It's so hopeless
少しして、落ち着きを取り戻したロイは深呼吸を一つ。
「はぁ………。
ありがとうソラ。
僕にそんなこと言ってくれたの、君が始めてだよ」
“きっと優しい顔をしているんだろうね…ソラは”
そう呟いてロイは儚げな笑顔を空に投げる。
痩せ形なロイは首も細い。
骨張り、血管が浮き出している様から無駄な肉はついていないらしい。
きっとロイは自分の顔すら見たことないんだ…。
私はロイと薄暗くなり始めた庭で柵越しに寄り添った。
こんな時間まで一緒にいるの…初めてだ。
普段なら今頃セピア色の森を抜け、家に向かっている頃だろうか。
「―――何か、無理言ってごめんね」
私の口から自然と零れた言葉。
ロイは振り向いて優しく笑った。
「無理なんかじゃないよ。

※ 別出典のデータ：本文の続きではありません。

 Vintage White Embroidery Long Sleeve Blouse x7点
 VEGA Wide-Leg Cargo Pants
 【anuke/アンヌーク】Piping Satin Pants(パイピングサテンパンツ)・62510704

むしろソラには感謝してる」
ロイは私があげた星屑を取り出した。
ほのかに光るそれ、薄闇の中では小さな灯りになる。
「これ…今も光ってる?」
ロイが私の目の前に星屑を掲げて確認する。
星屑はロイの手で確かに輝きを放っている。
小さいけれど、辺りを照らす淡い光。
「光ってるよ。ちゃんと」
私が言うと、ロイは嬉しそうに頷いた。
「いいこと考えたからさ」
ロイは言い残すと、鳥籠の中央へと引っ込んだ。